9.Stage a read-aloud session – Staging a read-aloud session after performing the above tasks provides a cognitive break and gives you an idea, whilst you are walking around the class monitoring student-pronunciation, of how the acquisition of decoding skills is proceeding. This will inform the planning of any subsequent delivery of decoding-skill instruction.

10. Follow-up with one or more listening tasks – A follow-up through listening-as-modelling and listening-comprehension activities helps reinforcing the vocabulary and, more importantly, focuses the students on pronunciation. The easiest listening-as modelling activity to prepare is obviously dictation of sentences taken from the just-read-text containing the key-items you set out to teach (with or without L1-translation). Partial dictations require very little preparation too. Jigsaws are a bit more time-consuming but students enjoy them a lot.

11. Recycle key lexis in subsequent lessons – after reading a passage, some really nice idioms, structures or other interesting and useful lexis found in that text get left behind and often lost for ever. I do attempt to make sure that that does not happen, by: (a) setting it as homework using language-gym.com – but one can use Memrise or Quizlet instead; (b) creating a new reading text (my favourite strategy) which include those items; (c) devising a nice starter with which to begin the next lesson; (d) recycling the items alongside any new lexis you are planning to teach in the next lesson

Concluding remarks

Much too often the reading passages used in the ML lessons are under-exploited and a substantial part of the valuable material they contain gets ‘lost’ in the absence of adequate and consistent recycling in subsequent lessons.

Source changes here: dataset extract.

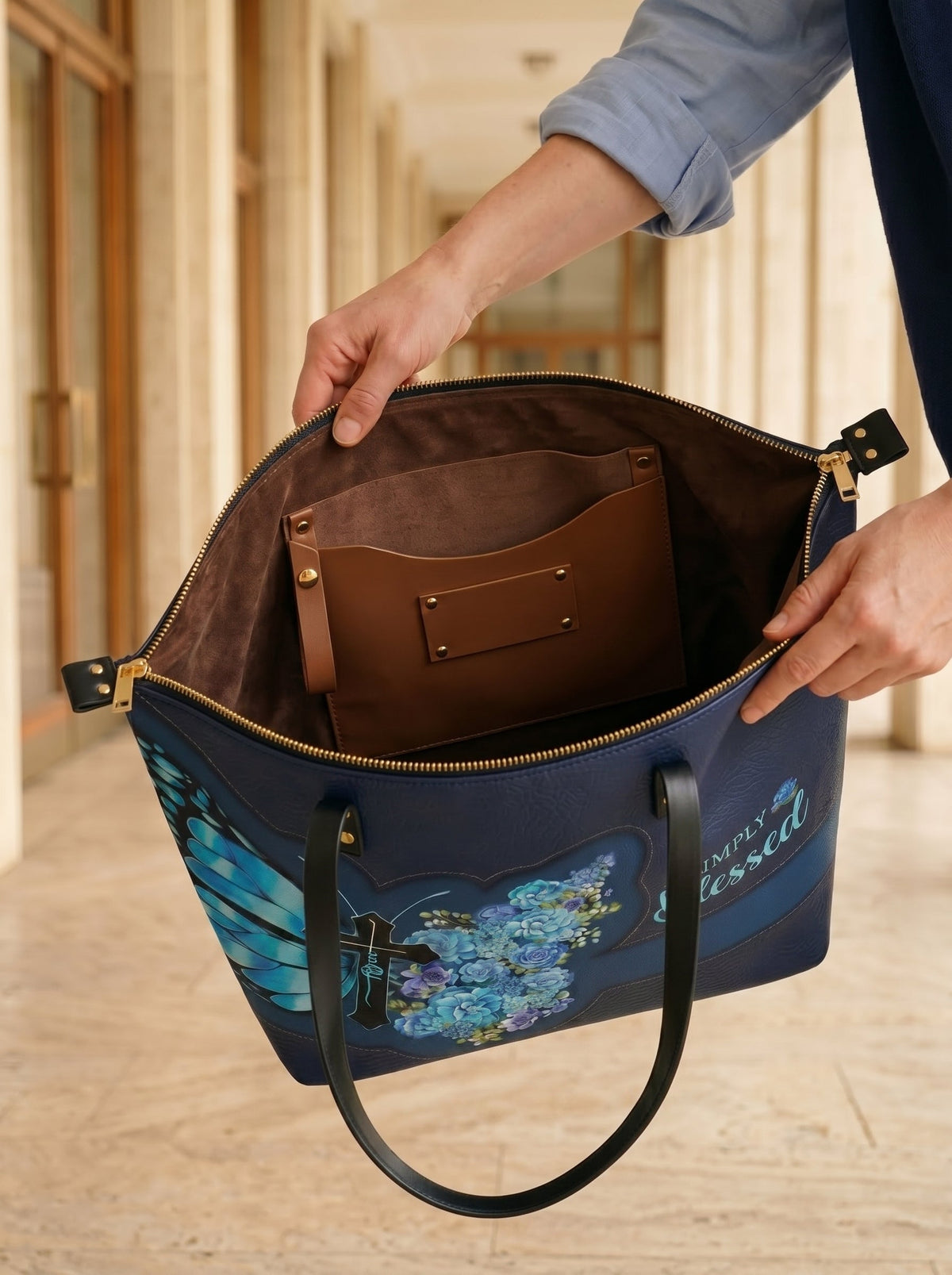 Blessed Christian Faith Leather Tote Bag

At present, I am not aware of any published material which effectively addresses all of the levels of exploitation of a text I outlined in the above post, which is appalling. This is due too many factors, one of which refers to the fear that the students might get bored, a concern I sympathize with to a certain extent; this issue can, however, be partly controlled for by providing several shorter tasks with varying foci.

The most important message this post purports to convey is that reading tasks should try to squeeze out as much learning out of any text-at-hand as possible; students should be prepped both in terms of bottom-up and top-down processing skills (especially decoding skills); they should also be encouraged to notice  new items through activities which engage them in deep processing; finally, unless we are merely equipping students with survival skills, limiting the focus of receptive processing (not simply reading but listening, too) to the understanding of the main points contained in a text has very little surrender value in terms of the enhancement of reading fluency and the acquisition of vocabulary, morphology, syntax and any other aspect of L2 competence.

Creating the need to read or understand should also be an important concern of ours as way too often the texts students work on in ML lessons are rather dull. Whilst this is quite difficult to do with the texts we give novice-to-intermediate learners, when working at higher level of proficiency it should not be an impossible task.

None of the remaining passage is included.